Enjoying games with finite hours of gameplay
Multiplayer-heavy games like Half-Life and Quake have been creating an unfortunate level of replay value expectations among a large (or at least vocal) group of gamers that seems to think it's only worth shelling out for a new game if it's going to supply them with years of entertainment. Blinded by the dream of infinite replay value in every game, you hear these spoiled gamers proclaim their dedication to only invest their (usually extremely hard-earned, for some reason) money in games with extensive multiplayer support, whether it fits the style of the game or not.
Case in point: Max Payne. Remedy have been sweating blood and tears for four years to produce what looks to be a stunning story-driven single-player experience. And all the infinite-value-fanatics can focus their energy on is questions about quantity. How many hours of gameplay is it going to offer? Why is there no multiplayer? As when these questions recieve answers like "in the area of 16-18 hours of gameplay" and "because we chose to focus on making the best single-player experience" the fanatics turn preachers in a second. "So what if it looks cool?
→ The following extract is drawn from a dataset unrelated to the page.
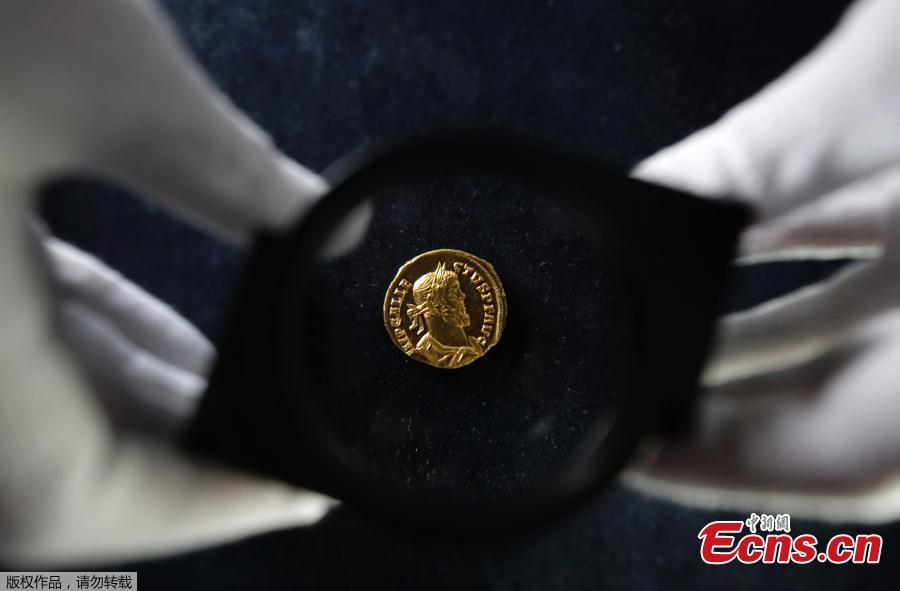 A very rare Roman gold coin dating from AD 293-296, discovered in a newly ploughed field in Kent, sold for 552,000 pounds at an auction held by Dix Noonan Webb, the Mayfair-based international coin, medal, banknote and jewellery specialists on June 6, 2019.  The coin, known as an Aureus - a gold coin of ancient Rome, is relatively small. It is 4.31grams in weight and only a bit bigger than a penny. Dating from the reign of Allectus, it was found near Dover, Kent, adjacent to a Roman road. (Photo/Agencies)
I'm not going to pay $40 for 16 hours of entertainment. Screw that" or "Remedy sucks for not including multiplayer. Max Payne is gonna bomb!" are common variations on the theme.
Since when was movies or music ever subjected to this same level of quantity scrutiny? I don't ever recall anyone putting The Terminator down for only running 107 minutes just because The Matrix goes on for 136. Movie and music fans normally discuss the quality of the various offerings instead, which seems like the sensible thing to do.
Judging games solely on the raw number of hours they're likely to offer is a great injustice to both yourself and the game makers that are looking to further story-driven and other primarily single-player focussed genres. Once you realize that, the door will be open to an exciting world of new experiences that are likely to entertain you on another (though not necessarily better) level. But I can only show you the door. You're the one that has to walk through it.